Catarina Lanz representa un especie de heroína para todo el pueblo ladino, una especie de Giovanna d'Arco. Nació en Al Plan de Mareo en el Valle Badia y con 25 años se mudó al pueblo de Spinghes, cerca de Bressanone, para estudiar alemán. Aquel mismo año, 1797, las tropas de Napoleón habían alcanzado las Alpes orientales hasta el Alto Adige.
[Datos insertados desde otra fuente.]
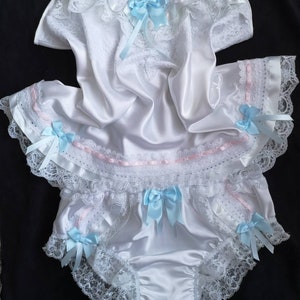 Bridal White Satin Two Peice ADULT Baby Doll Sissy Set - Pink and Blue Trim - Made to Order - Medium up to Extra Extra Large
La población, para defenderse del invasor francés, había juntado un ejército de Schützen procedientes de todos los valles, aunque parecía que nadie pudiera oponerse a las tropas de Napoleón. Durante la legendaria "Batalla de Spinghes" a los 2 de abril 1797, Catarina, armada con un bieldo, alcanzó las primeras líneas y consiguió aterrorizar y arrojar los franceses de Spinghes. Después de esa empresa, Catarina volvió en su Ladinia, ayudando su gente a defenderse de los invasores. Luego las noticias sobre Catarina Lanz devinieron fragmentarias; la encontramos otra vez en su vejez, sirviendo un cura en Andraz, en el Livinallongo, donde luego fue enterrada con los honores de guerra.
El Museo Ladino di S. Martin de Tor, en el Valle de Badia, ha dedicado reciéntemente una sección de su exposición a la heriona de Al Plan.